Zahnschmelzdefekte, die auf Störungen des Kalzium- und Phosphorstoffwechsels zurückzuführen sind, wurden von Lady Mellanby am gründlichsten untersucht. Aus ihren Beobachtungen zog sie den Schluss, dass ein Mangel an Vitamin D von größter Bedeutung für die Kariesanfälligkeit der Zähne ist. Durch die Zufuhr dieses Vitamins wird die Phosphat-Konzentration im Blut auf einem normalen Niveau gehalten und spielt neben der Verhinderung von Knochenwachstumsstörungen auch eine wichtige Rolle beim Schutz der sich entwickelnden Zähne vor Strukturdefekten. Lady Mellanby berichtete von umfangreichen Experimenten mit Kindern in Sheffield und Birmingham, die alle gleich ernährt wurden. Gruppen von Kindern gab sie über einen längeren Zeitraum großzügige prophylaktische Dosen Vitamin D und stellte fest, dass die Kariesrate in diesen Gruppen viel niedriger war als in den Kontrollgruppen, die das Vitamin nicht erhielten. Sie war überzeugt, dass eine Ernährung, die die normale Verkalkung von Knochen und Zähnen stark fördert, die Kariesrate erheblich verringern könne.

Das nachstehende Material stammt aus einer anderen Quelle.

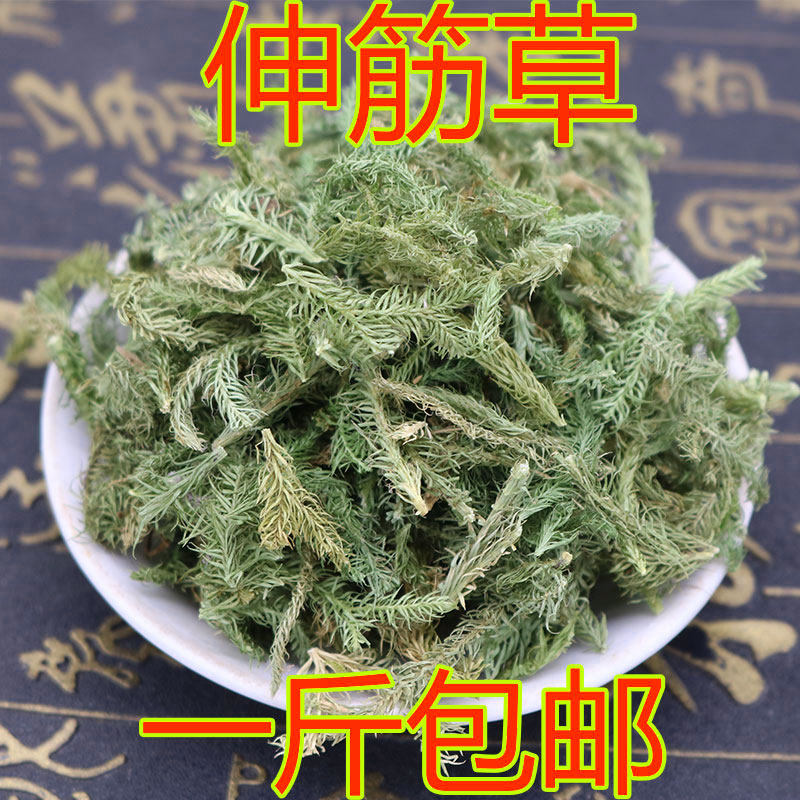 Stretch Fascia 500 gr Sanbao Tea Raw Materials Suitable to Extend Gluten Grass Polygwort for Puzzle Nuts 500 gr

McBeath aus New York hat über mehrere Jahre hinweg experimentelle Studien mit einer großen Zahl von Schulkindern durchgeführt, die den von Lady Mellanby aufgestellten Grundsätzen folgten. Er fand heraus, dass es eine saisonale Häufigkeit von Zahnkaries gibt, wobei die höchste Häufigkeit neuer Karies im Spätwinter und Frühling und die niedrigste im Sommer und Herbst auftritt. Diese Beobachtungen korreliert er mit der Menge an ultraviolettem Licht, der die Kinder zu verschiedenen Jahreszeiten ausgesetzt sind. Er fand außerdem heraus, dass die saisonale Häufigkeitskurve abflacht, wenn Kindern in den kälteren Monaten täglich großzügige Dosen Vitamin D verabreicht werden, wobei die Häufigkeit in den Monaten mit geringer Sonneneinstrahlung der im Sommer und Herbst sehr ähnlich ist. Bei dieser Art von Experiment spielt Vitamin D, dem geeignete Dosen ultravioletten Lichts entsprechen, eine bedeutende Rolle bei der Beeinflussung der Anfälligkeit des Einzelnen für Zahnkaries.
Es ist schwer zu verstehen, wie Vitamin D die Zähne vor Karies schützen kann, indem es den Körper lediglich in einem Zustand hält, der die Verkalkung begünstigt. Karies entsteht als Folge stark lokalisierter Prozesse. In einem Bereich mit stagnierenden Speiseresten bildet sich Säure, die vor Entfernung oder Neutralisierung geschützt ist und den Zahnschmelz mehr oder weniger kontinuierlich auflösen kann. Es scheint keinen anderen möglichen Mechanismus zur Resistenz des Zahnschmelzes gegen Säureerosion zu geben als seine Dichte, die von geringer Bedeutung sein kann, da der perfekteste Zahnschmelz durch Säure aufgelöst wird, wenn der pH-Wert etwa 4,6 erreicht, und die Qualität des Zahnschmelzes nach seiner Ablagerung durch keine bekannte Einwirkung mehr verändert wird. Wenn sich bestätigt, dass ausreichend ultraviolettes Licht oder Vitamin D den Körper in seiner Widerstandsfähigkeit gegen Zahnkaries günstig beeinflusst, müssen wir anscheinend nach einer Erklärung in gewisser Hinsicht für die immunologischen Mechanismen suchen, die das Wachstum oder die Funktionen der mikrobiellen Flora unterdrücken, die normalerweise mit der Säurebildung im Mund verbunden sind. Dies kann durch Speichel oder Schleim oder andere Mittel der Epithelien geschehen. Es gibt offenbar keine Studien darüber, ob ultraviolette Strahlen oder die Verabreichung von Vitamin D die Mundflora verändern.